I lift the fork and use the knife to smear the thickened blood over all the sides. I start counting the seconds. It takes four minutes before I see the result I’m after.
Quin watches patiently, curiously, and I lift the fork for him to see clearly. “The metal had corroded, that’s why I brought the fork. The properties of gelidroot in blood change after death, and—well, look. The coagulated blood turned the brown corrosion green.”
“What were you counting?”
“How long it took to change colour. It helps me calculate when the root was ingested.”
“Which was when?”
“The soldiers have been dead for four days, but the poison was in their blood for at least four days before that. The refugees ate the porridge two days ago, which means they’ll start to die in another two days—if we don’t find a cure.” I snap my head up. “We should—”
Brilliant light flashes overhead. We look up and the wards around the memorial grounds flash again, temporarily revealing their dome shape. The sound of distant shouts has us stiffening. “Someone’s tried to cross the wards. They used the wrong spell.”

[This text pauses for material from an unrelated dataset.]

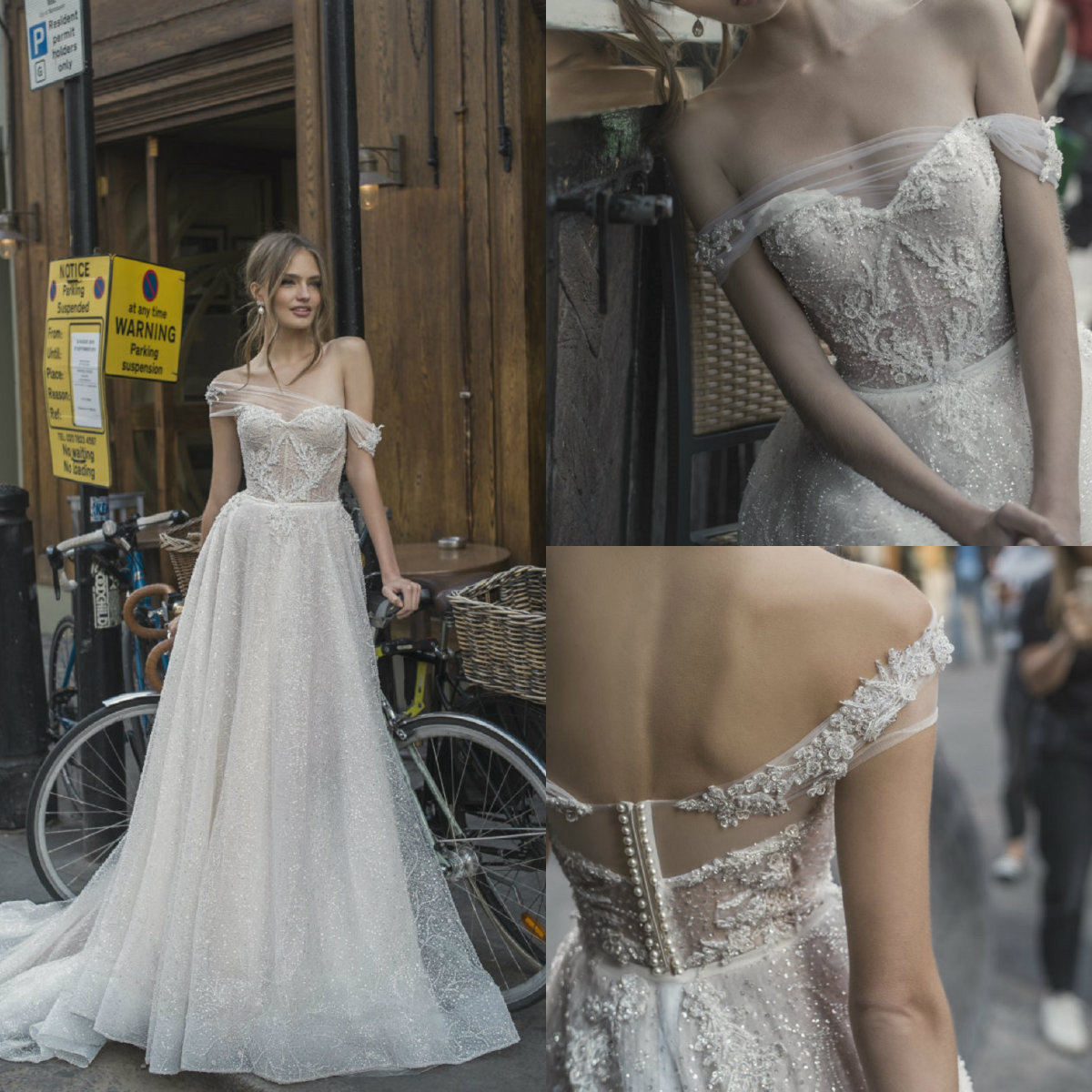 2020 Bohemian Bridal Dresses Off Shoulder Appliqued Beaded Sleeveless Wedding Dress Backless Ruffle Sweep Train Custom Made Robes De Mariée, Green
2020 Bohemian Bridal Dresses Off Shoulder Appliqued Beaded Sleeveless Wedding Dress Backless Ruffle Sweep Train Custom Made Robes De Mariée, Green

Quin grabs hold of me and in seconds we’re gusted onto the grass above, where he pulls me into a crouch behind an epitaph. “Can’t ride the wind—too exposed.”
We can’t run for the same reason. “The guards won’t miss these exhumed graves a second time.” There’ll be no hiding in the shadows of their pits.

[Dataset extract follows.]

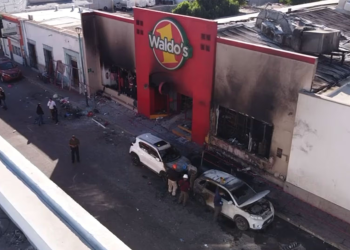 No Hay Ninguna Persona en Prisión por el Incendio de Waldo’s en Hermosillo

“Looks like I’ll have to expose my identity,” Quin says gruffly.
I chuckle and slap a hand over my mouth. Quin stares at me like I’ve gone mad. “I was afraid of getting caught,” I say. “I imagined us both imprisoned, set for the gallows at dawn. Sort of forgot you’re actually important.”
Quin stares at me, shaking his head, and flicks my temple.
I grab his sleeve at a sudden, sickening thought. “What if they’re your uncle’s men? What if there are too many?”
He pins me with a raised brow. “Hide behind me.”
From the shadows of the large oaks comes the cracking of twigs underfoot, coming fast. My gaze sweeps urgently back to Quin, and snaps to the darkened pit. The one with the empty coffin . . . I grimace, toss Quin’s cane into the pit, and tug at him. “Forgive me, your majesty.”